Property franchising is another investment opportunity for hard-working, dynamic and service-oriented entrepreneurs. Owning a real estate business presents an incredible opportunity to create wealth through property. Choose a brand that offers the advantages of collaboration, support, a broad range of technological tools, and a recognised brand that lends instant credibility and negotiating power. You should also benefit from structured training programmes and a value system that will grow your reputation and your clients’ trust. Just Property is on a phenomenal growth trajectory, having secured 21.66% YOY (2020/21)!

A correction is due, but it’s expected to be mild

We have not seen the same surge in property prices that the US has seen over this past year.
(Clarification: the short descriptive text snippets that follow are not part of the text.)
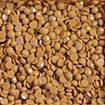 DIAMOND DOTZ - Freestyle 12g x 2.8mm Dotz golden ginger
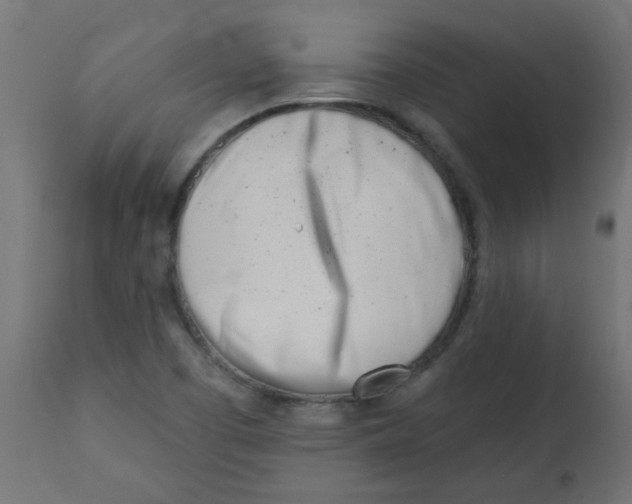 X0000113201457200910081239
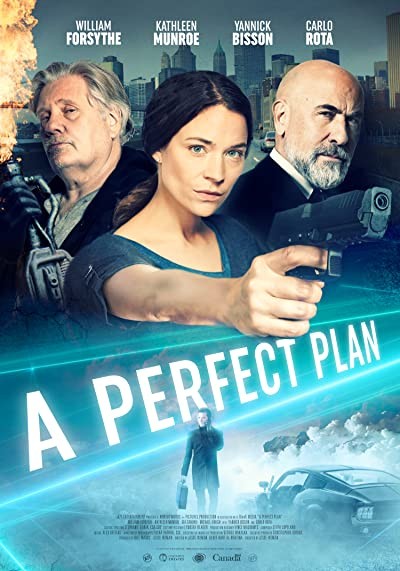 A Perfect Plan (2020) afişi A Perfect Plan (2020) afişi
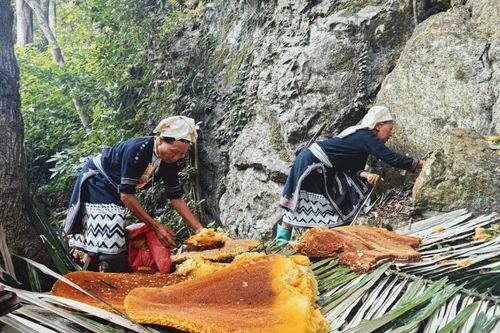 Mùa thu hoạch sáp ong ở Hoài Khao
The average price increase in the States has been double digits in most states, and according to a recent NAR report, third quarter 2021 compared to the same period the year before, has seen an average increase of 16% in house prices.
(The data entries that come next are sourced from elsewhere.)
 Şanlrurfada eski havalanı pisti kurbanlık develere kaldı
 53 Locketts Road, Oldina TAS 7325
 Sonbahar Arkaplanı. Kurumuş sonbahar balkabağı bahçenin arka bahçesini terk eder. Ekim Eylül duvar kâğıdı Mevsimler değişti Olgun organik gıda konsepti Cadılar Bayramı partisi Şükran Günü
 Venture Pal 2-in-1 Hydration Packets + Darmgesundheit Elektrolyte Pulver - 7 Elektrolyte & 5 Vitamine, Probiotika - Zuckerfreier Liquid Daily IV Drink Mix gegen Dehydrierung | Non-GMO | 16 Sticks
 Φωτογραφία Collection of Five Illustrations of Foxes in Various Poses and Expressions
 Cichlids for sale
By comparison, this past year in South Africa has seen an average increase of 4.7% (according to Lightstone). Where SA property prices escalated disproportionately as a result of Covid lockdown restrictions and the lifestyle changes we saw in 2021, we do expect corrections. While the more affordable properties will still see good growth this coming year, we are expecting to see very slow to no growth in the upper segment of the market.

Ongoing demand for affordable housing

A shortage of affordable housing from both a rental and sales perspective is a reality in South Africa. The average selling price of properties registered in the Deeds Office in 2021 so far is R990,000. And Michelle Dickens of TPN reports that 50% of renters are in the R7,000 - R12,000 per month bracket. Taking this into account, there is going to be an ongoing demand for affordable housing to be built.

In 2022, affordable properties will still see good growth despite job insecurity, poor credit profiles and the increasing cost of living.

Fewer tenants are in arrears

The good news for landlords is that there is now a smaller percentage of tenants in arrears than in the first quarter of 2020. If the government is able to maintain current trading environments (and we avoid higher lockdown levels), I am optimistic that this trend will continue.

According to the PayProp Q3 report, rent has only increased by between 0.1 and 0.2%, while inflation sits at around 5%. The Western Cape and Mpumalanga have outperformed other provinces with a 3.5% and 2.5% increase respectively.

The biggest concern for the coming year is the weakening economy. We have just seen a massive increase in the fuel price, which is going to lead to further inflationary pressures. Consumers are battling to make ends meet.

The rental market is going to remain under pressure for much of 2022. Large numbers of tenant applicants are not qualifying due to their weak credit scores, and I think that this is going to get worse. We expect good tenants to remain where they are, as many of them did in 2021.

About Paul Stevens

Since 2013, Paul Stevens has been the CEO of Just Property Group Holding (Pty) Ltd which controls an international group of property franchises specialising in residential sales, rentals and management. He joined as a franchisee in 2003 and now, as CEO, drives the strategic direction of the Just Property brand with his charismatic optimism. He is also actively involved in the evolution of the South African property landscape, working closely with high-level industry stakeholders.